Whenever I work with pandas, I include the following line of code immediately after importing the library:
pd.options.display.float_format = '{:,.2f}'.format
This makes all numerical outputs from pandas more readable.
Let's include this line and rerun our example from above:
import pandas as pd
pd.options.display.float_format = '{:,.2f}'.format
df = pd.read_csv('/data/companies.csv')
print(df['Expenses (USD)'].describe())
This output is much more helpful and tells us a lot about the expenses of the companies in our DataFrame.
Let's have a look at the information that we obtain from the DataFrame.describe()
method.
count
is the number of non-NA/null observations.
That means we have the expenses from 49 companies in our dataset. Since the entire dataset has 49 companies, there's no missing information.
The mean value indicates that the companies spent an average of 3,844,465.98
USD.
std
stands for standard deviation and shows how spread out the values are around the mean.
With a standard deviation of 1,199,195.19
, which is almost a third of the mean, there's quite a bit of variation among the different companies.
The minimum expenses a company in our data incurred are indicated by min
, the maximum by max
.
The 25%
, 50%
, and 75%
values are also known as the 1st, 2nd, and 3rd quartiles.
The 1st quartile, 25%
, tells us that 25% of all data points are less than or equal to this value.
The 2nd quartile, 50%
, indicates that half of the data points are below this value, and half are above it. This is also called the median.
The 3rd quartile, 75%
, indicates that 75% of the data points are less than or equal to this value.

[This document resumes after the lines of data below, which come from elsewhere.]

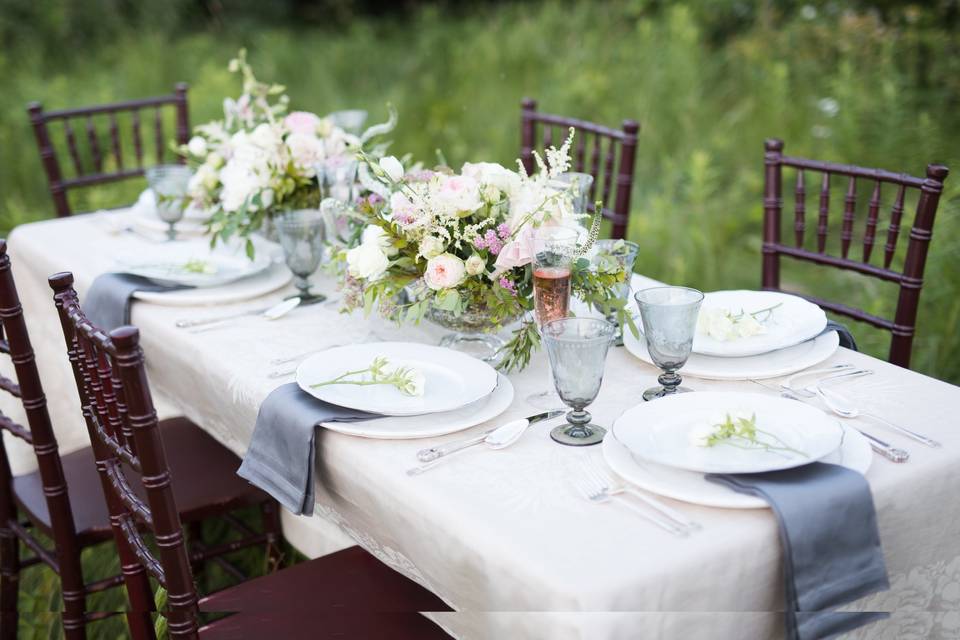 Romantic reception table photo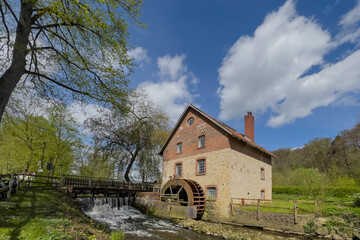 Historische Wassermühle im Nettetal, Osnabrücker Land, Deutschland © franzeldr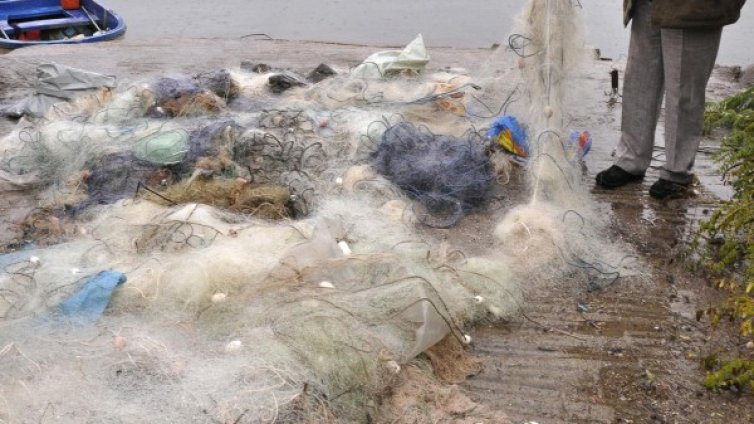 Конфискуваха 360 м бракониерски мрежи в язовир "Малко Шарково"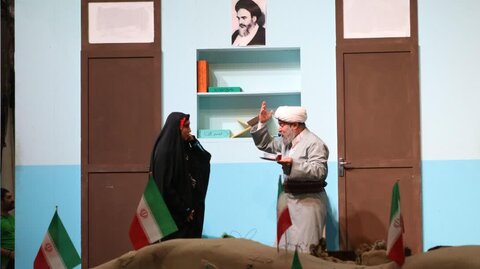 اجرای نمایش رقص پرچم در اجلاسیه شهدای روحانی استان ایلام
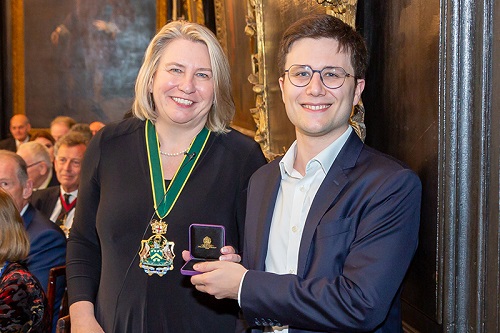 Crabb Lab academic awarded the Worshipful Company of Spectacle Makers’ Master's Medal, 2023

While this information is very helpful, sometimes you might want to calculate only one of the summary statistics.
Luckily, there's a method for each of these values:
# get number of non-NA/null observations
df['Expenses (USD)'].count()
# get average value
df['Expenses (USD)'].mean()
# get standard deviation
df['Expenses (USD)'].std()
# get minimum value
df['Expenses (USD)'].min()
# get maximum value
df['Expenses (USD)'].max()
# get 25th percentile
df['Expenses (USD)'].quantile(0.25)
# get median
df['Expenses (USD)'].median()
# get 75th percentile
df['Expenses (USD)'].quantile(0.75)
Another very important method in the context of pandas DataFrames is value_counts()
.
value_counts()
returns the counts of unique values or rows in a specific column or the entire DataFrame.
For instance, here we obtain the counts of unique values in the 'Industry' column:
import pandas as pd
df = pd.read_csv('/data/companies.csv')
print(df['Industry'].value_counts())
To obtain all unique values of a column, you can use unique()
:
import pandas as pd
df = pd.read_csv('/data/companies.csv')
print(df['Industry'].unique())